Image-caption web data
--- START ---

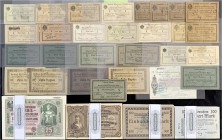 Banknoten der Kolonien und Nebengebiete
Deutsch-Ostafrika
Sammlung von 29 Interims-Banknoten: 18 x 1 Rupie, 7 x 5 Rupien und 4 x 10 Rupien. Viele ve...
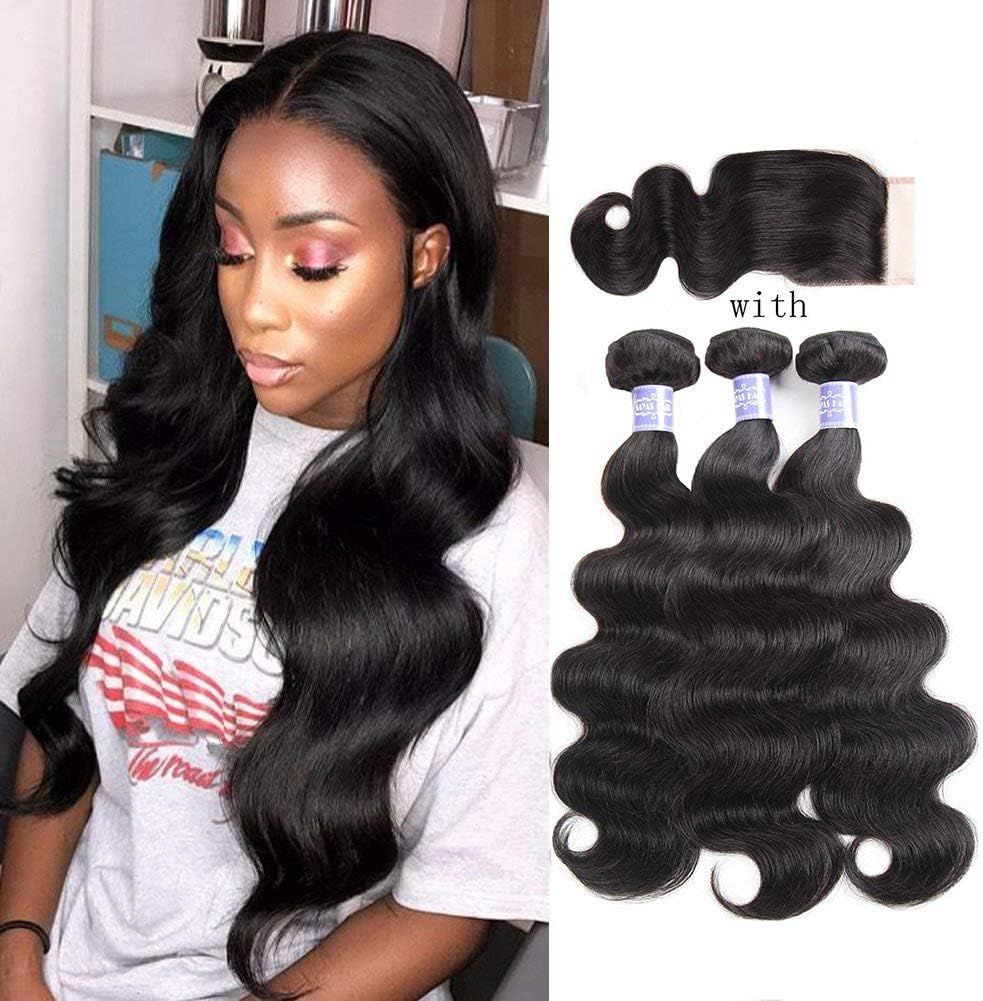 SAYAS Hair 3 Bundles Brazilian Hair Body Wave With Closure 4x4 inch Free Part Natural Color 100g(3.5oz)/bundle With 25g(0.9oz) Closure Total 325g(11.4oz) (12 14 16+12) Inch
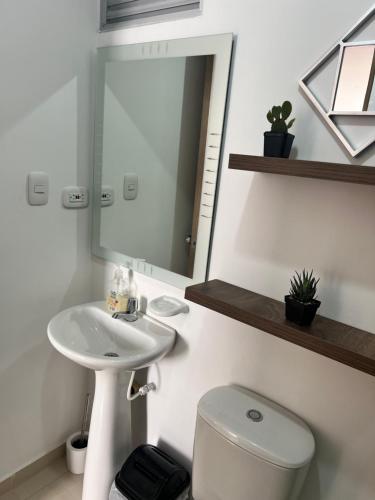 多斯克布拉达斯Moderno apartamento con vista inigualable的一间带水槽、卫生间和镜子的浴室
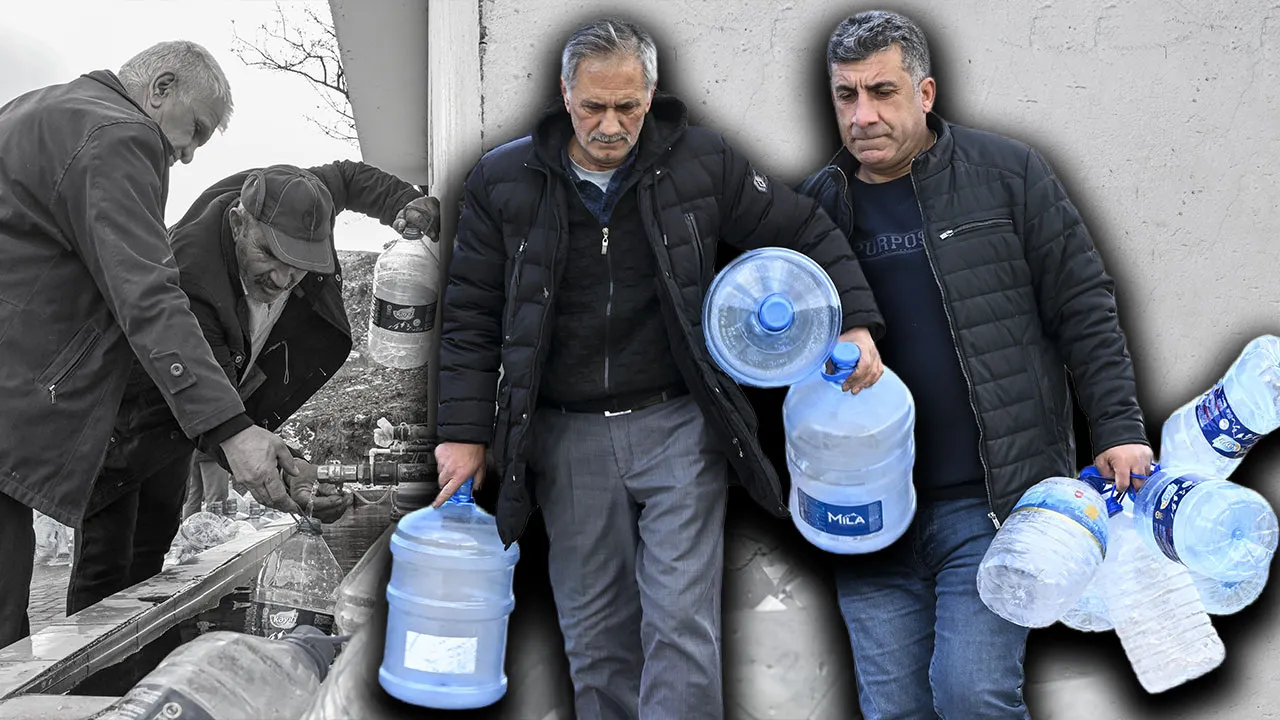 Ankaralılar bidonlarla çeşme başında! Dondurucu soğukta su krizine isyan ettiler 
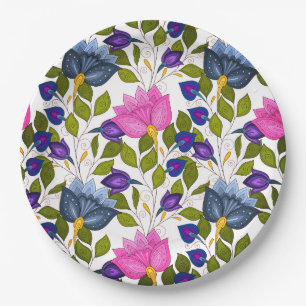 Assiettes En Carton Fleurs Et Éperons P32 Plaques Papier Personnalisée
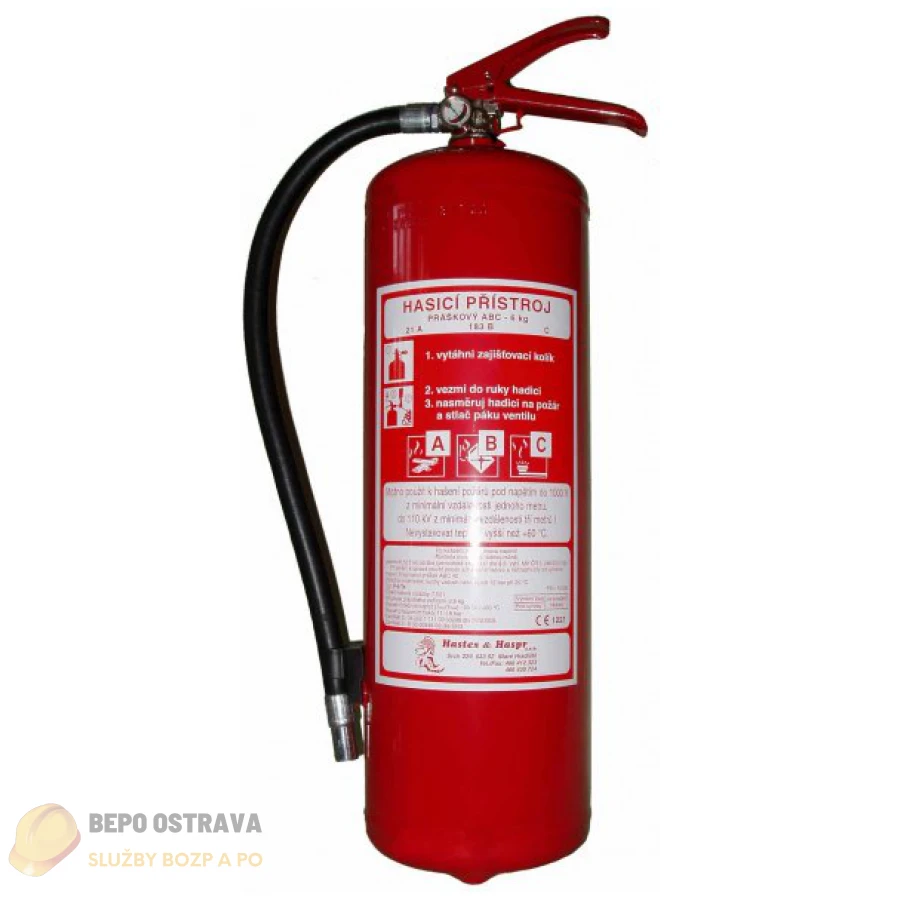 Práškový hasicí přístroj 6 kg - P6Te
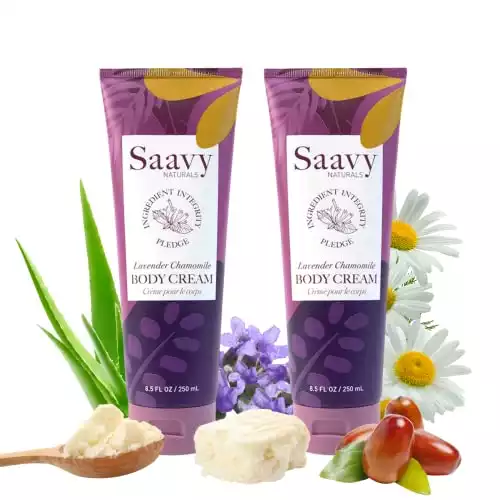 Saavy Naturals Lavender Chamomile Body Cream, 8.5 Ounces Body Cream For Women Pack of 2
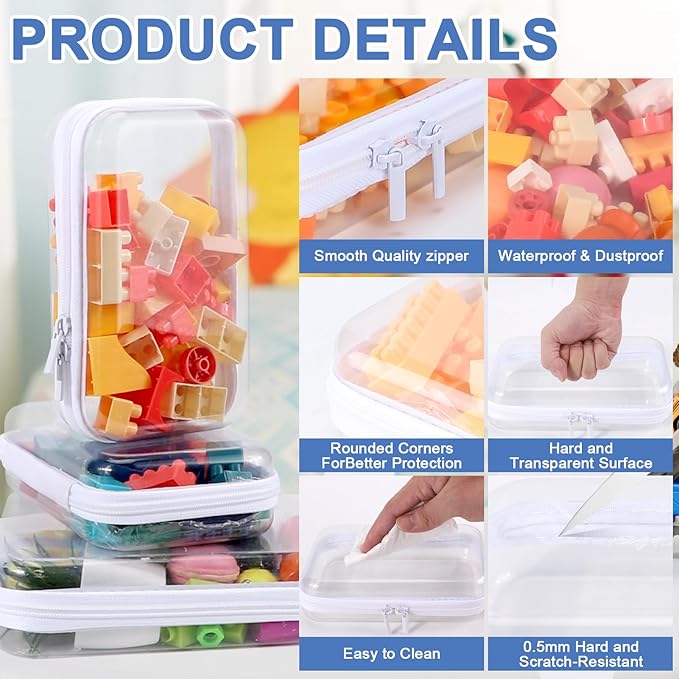 Clear Hard Shell Zipper Case Clear Zipper Pouches, Travel Toiletry Bag & Waterproof Makeup Organizer, Diaper bag, Plastic Pouch for Office Home Storage, White 3 Pack, MSS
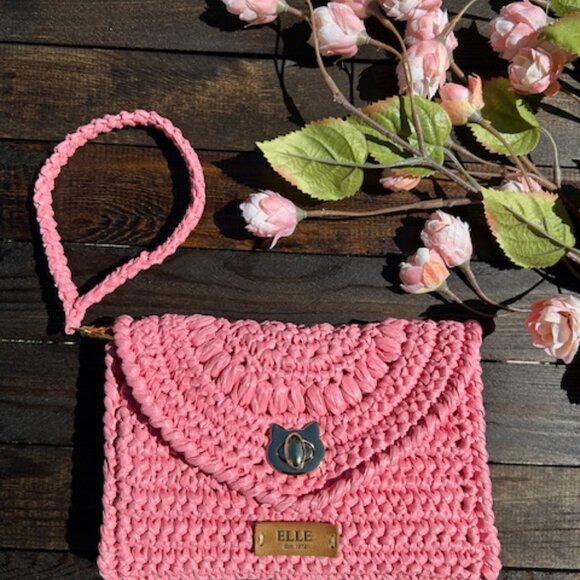 ELLE Raffia Crochet Clutch - Picture 9 of 16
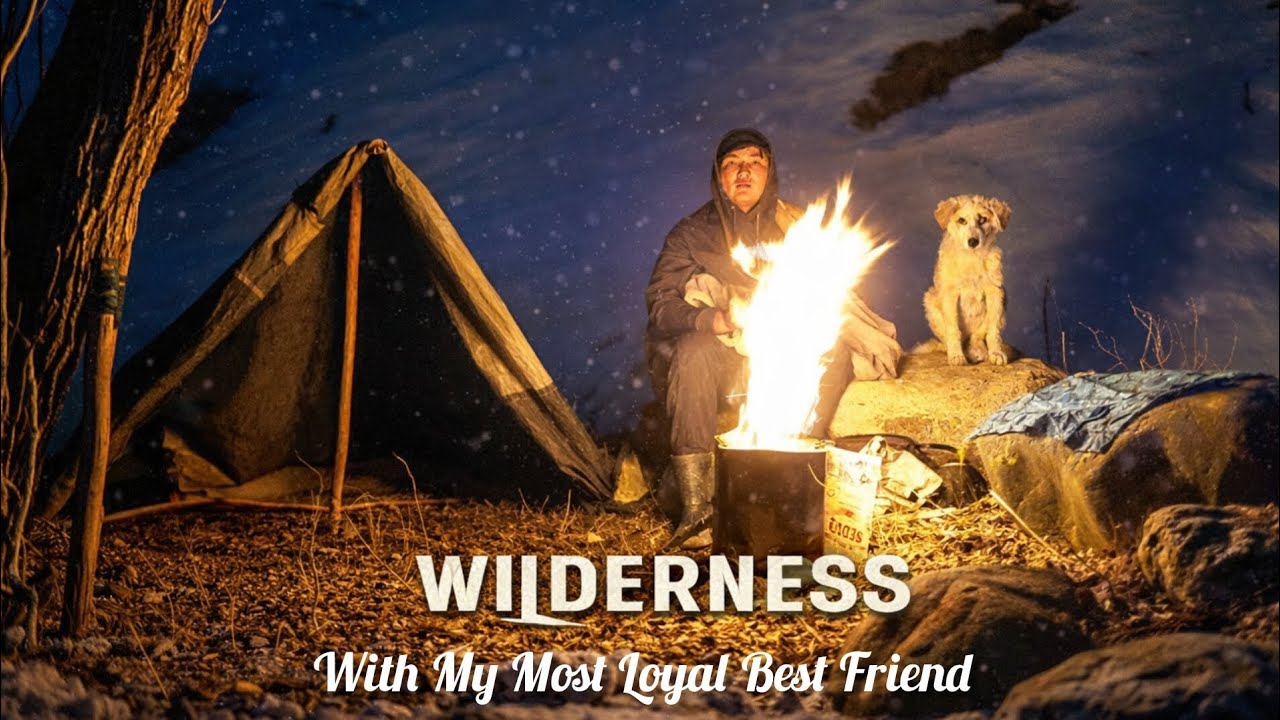 Alone in -18°C — Just Me, My Loyal Dog, and the Freezing Night in a Tent❄️🔥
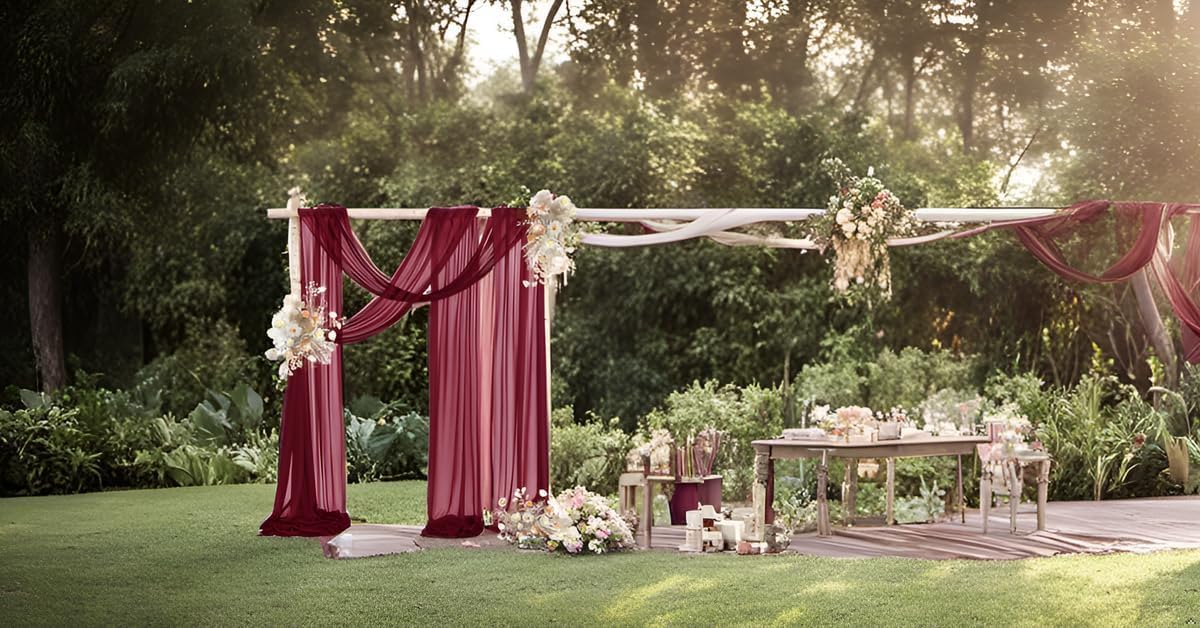 Burgundy Wedding Arch Draping Fabric 1 Panel 29" x 20Ft Christmas Chiffon Outdoor Curtain Backdrop Sheer Arch Drapes for Thanksgiving Wedding Ceremony Party Ceiling Decoration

--- END ---

▶ **Aim of the exercise**
When you reach the line that has "SAYAS Hair 3" in the data above, start repeating lines exactly, and stop after the line that has "多斯克布拉达斯Moderno apartamento con"; pictures stay out.

▶ **Reply to the exercise**
 SAYAS Hair 3 Bundles Brazilian Hair Body Wave With Closure 4x4 inch Free Part Natural Color 100g(3.5oz)/bundle With 25g(0.9oz) Closure Total 325g(11.4oz) (12 14 16+12) Inch
 多斯克布拉达斯Moderno apartamento con vista inigualable的一间带水槽、卫生间和镜子的浴室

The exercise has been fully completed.